Obviously hooking up a USB HD to your AE would be the most economical solution. I have a USB 3TB Western Digital Studio hooked up via USB to my Apple Airport Extreme and streaming to iTunes w/ Pure Music works fine : even with very big DSD files. Maybe it's because my mac mini is hooked up via ethernet to the network (all CAT 6) and not WIFI. There is a pause to load the track, but I think that because I'm using PM w/ memory play mode, not necessarily because of some issue with the WD HD or network. The WD HD can also be seen / accessed by my other mac mini in another room with no problems (also ethernet connected to network).I think the principal advantage with a NAS is getting a 2 or more bay one so you can run it in RAID and have constant hassle-free backup. And swap out to bigger drives if you are a media hoarder and think you'll run out of space. Of course you can just manually back up the USB HD to another, and / or replace it with another if it starts to go bad (though this often happens without warning). You just have to have a bit more discipline, which is worth it considering the probably substantial investment in the media.
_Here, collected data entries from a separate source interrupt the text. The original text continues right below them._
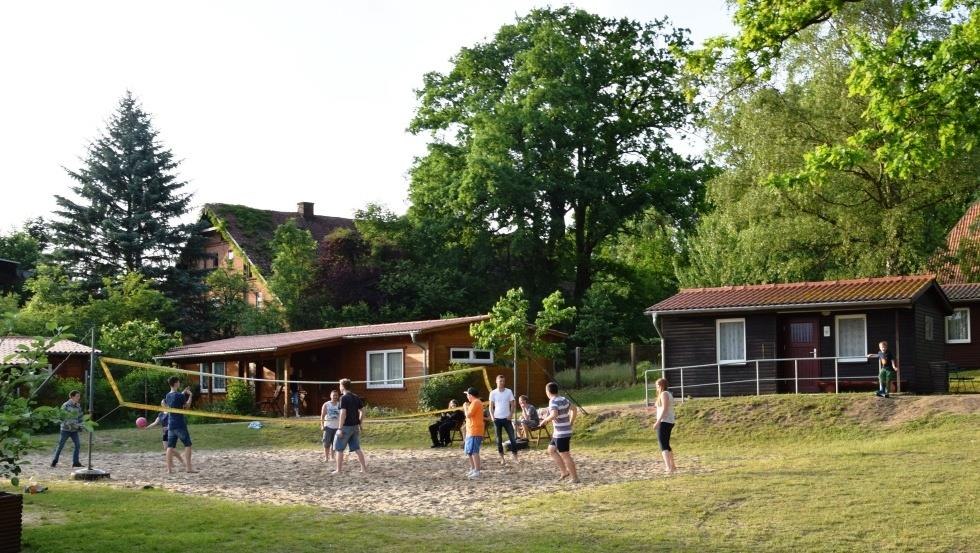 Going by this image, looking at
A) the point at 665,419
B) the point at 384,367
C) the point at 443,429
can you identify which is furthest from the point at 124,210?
the point at 665,419

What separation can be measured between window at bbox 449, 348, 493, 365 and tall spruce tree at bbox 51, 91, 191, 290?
76.4 ft

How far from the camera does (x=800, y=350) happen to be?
3002 centimetres

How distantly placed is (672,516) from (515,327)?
593 inches

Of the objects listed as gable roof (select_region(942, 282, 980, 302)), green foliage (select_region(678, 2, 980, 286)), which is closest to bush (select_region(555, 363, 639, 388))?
green foliage (select_region(678, 2, 980, 286))

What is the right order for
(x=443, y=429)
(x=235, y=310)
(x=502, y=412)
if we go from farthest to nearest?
(x=235, y=310), (x=443, y=429), (x=502, y=412)

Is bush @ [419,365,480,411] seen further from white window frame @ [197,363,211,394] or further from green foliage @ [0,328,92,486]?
green foliage @ [0,328,92,486]

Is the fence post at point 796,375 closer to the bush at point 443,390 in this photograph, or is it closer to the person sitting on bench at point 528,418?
the person sitting on bench at point 528,418

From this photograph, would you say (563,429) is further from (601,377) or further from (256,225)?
(256,225)

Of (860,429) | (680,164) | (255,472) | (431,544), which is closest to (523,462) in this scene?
(255,472)

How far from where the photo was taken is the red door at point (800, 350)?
97.2ft

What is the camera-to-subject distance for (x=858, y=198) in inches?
1346

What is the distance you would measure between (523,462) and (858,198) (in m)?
17.2

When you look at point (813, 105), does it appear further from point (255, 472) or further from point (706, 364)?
point (255, 472)

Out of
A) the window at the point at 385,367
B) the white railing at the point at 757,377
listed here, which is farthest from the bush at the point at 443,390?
the white railing at the point at 757,377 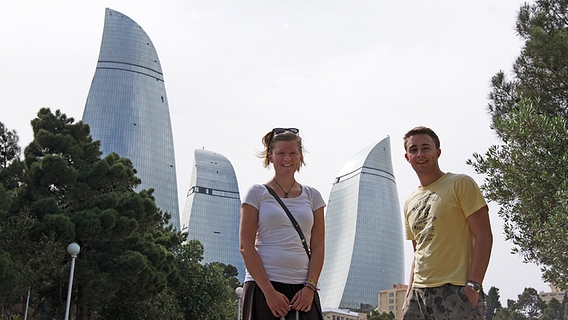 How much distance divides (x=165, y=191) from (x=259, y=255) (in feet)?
242

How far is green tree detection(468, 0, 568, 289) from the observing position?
803cm

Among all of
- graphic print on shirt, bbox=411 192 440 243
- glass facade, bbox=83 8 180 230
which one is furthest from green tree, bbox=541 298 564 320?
graphic print on shirt, bbox=411 192 440 243

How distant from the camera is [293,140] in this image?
4.15 meters

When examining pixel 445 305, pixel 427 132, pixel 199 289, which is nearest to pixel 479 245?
pixel 445 305

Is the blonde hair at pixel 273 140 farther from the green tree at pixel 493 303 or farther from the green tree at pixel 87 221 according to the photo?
the green tree at pixel 493 303

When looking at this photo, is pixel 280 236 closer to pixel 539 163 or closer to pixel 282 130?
pixel 282 130

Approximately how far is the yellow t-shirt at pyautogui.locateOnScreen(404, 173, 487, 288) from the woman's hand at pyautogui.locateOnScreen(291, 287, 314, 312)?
0.76 metres

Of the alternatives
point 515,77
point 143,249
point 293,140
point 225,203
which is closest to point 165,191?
point 225,203

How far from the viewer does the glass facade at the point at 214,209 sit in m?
96.1

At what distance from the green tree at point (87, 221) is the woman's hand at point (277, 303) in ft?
53.9

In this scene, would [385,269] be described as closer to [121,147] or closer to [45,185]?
[121,147]

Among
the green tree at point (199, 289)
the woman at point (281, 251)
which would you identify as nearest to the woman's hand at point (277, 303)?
the woman at point (281, 251)

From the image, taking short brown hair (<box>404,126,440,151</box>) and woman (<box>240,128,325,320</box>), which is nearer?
woman (<box>240,128,325,320</box>)

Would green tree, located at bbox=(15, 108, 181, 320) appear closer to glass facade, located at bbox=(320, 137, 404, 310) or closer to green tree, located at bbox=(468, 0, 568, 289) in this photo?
green tree, located at bbox=(468, 0, 568, 289) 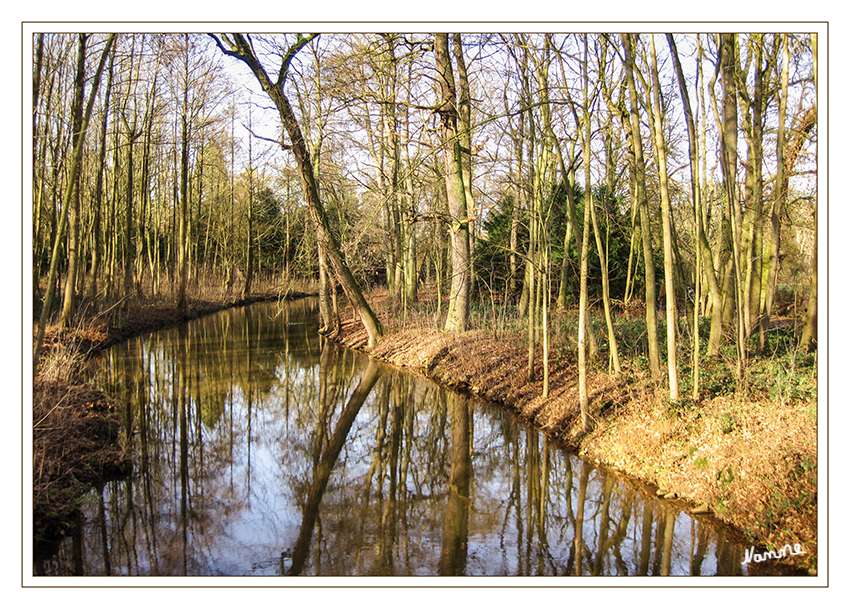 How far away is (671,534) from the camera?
5801 millimetres

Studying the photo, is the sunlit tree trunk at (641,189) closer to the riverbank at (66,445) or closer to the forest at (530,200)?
the forest at (530,200)

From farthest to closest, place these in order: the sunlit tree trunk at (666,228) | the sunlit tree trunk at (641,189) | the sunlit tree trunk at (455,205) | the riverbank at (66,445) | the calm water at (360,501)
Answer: the sunlit tree trunk at (455,205)
the sunlit tree trunk at (641,189)
the sunlit tree trunk at (666,228)
the riverbank at (66,445)
the calm water at (360,501)

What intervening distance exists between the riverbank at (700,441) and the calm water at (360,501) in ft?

RAID isn't a backup, you still have a single point of failure for file corruptions, theft, fire, virus, power surges, etc. All what raid gives you is less downtime in the event that one drive fails, nothing more. RAID-0 has worse reliability than a single drive, RAID-1/3/5/10 will allow you to have one drive fail while you can still access the files, so unless you can't handle downtime, it's not an expense most consumers should pay for. It's a great feature for a NAS to offer redundancy, but if they don't offer a local backup solution of the NAS itself, then it's only a false sense of security
Drive failure is the most likely failure point of all (vs theft, fire, virus, power surge etc). But your point is taken nonetheless : NAS introduce cost and complexity that may be unnecessary for a typical home user. If you want a true backup plan, you need to not only have another copy, but preferably in another physical location, whether that is done via online back up options, or just having a copy on another physical drive at some other place (like office / second or other family members home / or even maybe in a fire proof safe). Most of us don't go to that precaution, but we should.